DATASET EXTRACT:
━━━━━━

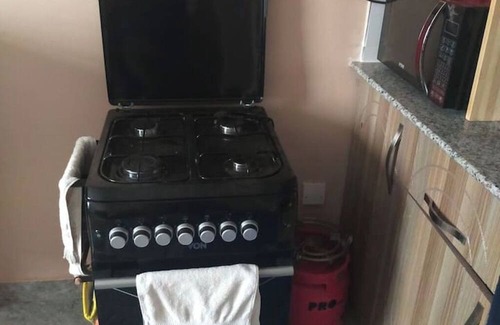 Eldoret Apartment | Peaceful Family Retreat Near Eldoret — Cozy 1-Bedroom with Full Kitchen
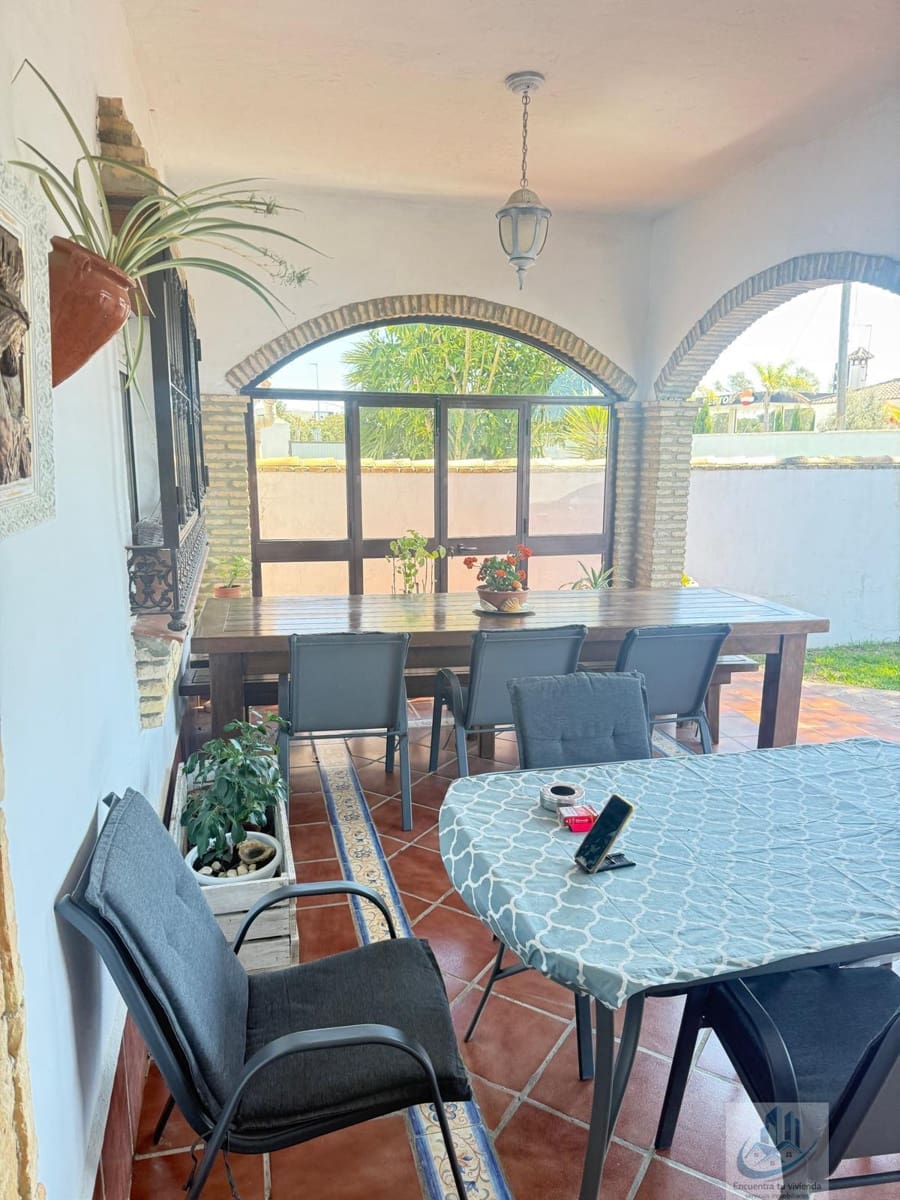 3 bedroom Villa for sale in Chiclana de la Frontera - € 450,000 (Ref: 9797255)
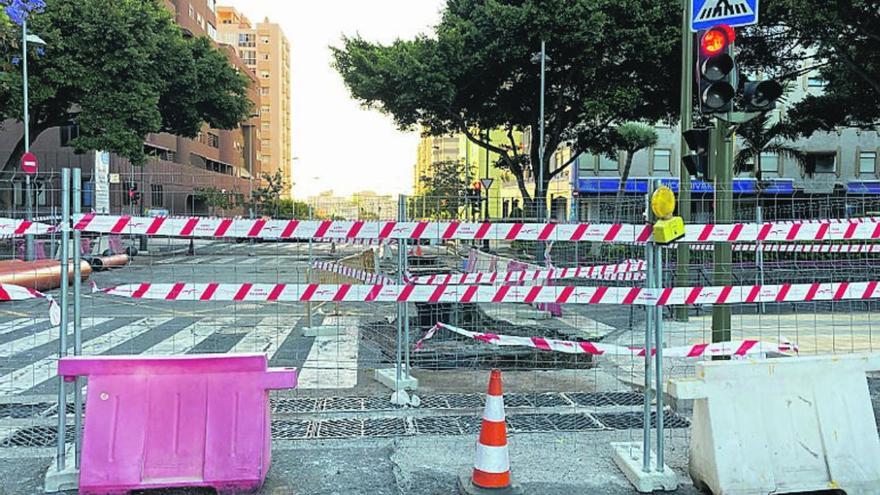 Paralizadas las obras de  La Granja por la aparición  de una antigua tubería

━━━━━━

ACTIVITY:
Every line of the listing should be repeated exactly; no picture should appear.

ANSWER SPACE:
 Eldoret Apartment | Peaceful Family Retreat Near Eldoret — Cozy 1-Bedroom with Full Kitchen
 3 bedroom Villa for sale in Chiclana de la Frontera - € 450,000 (Ref: 9797255)
 Paralizadas las obras de  La Granja por la aparición  de una antigua tubería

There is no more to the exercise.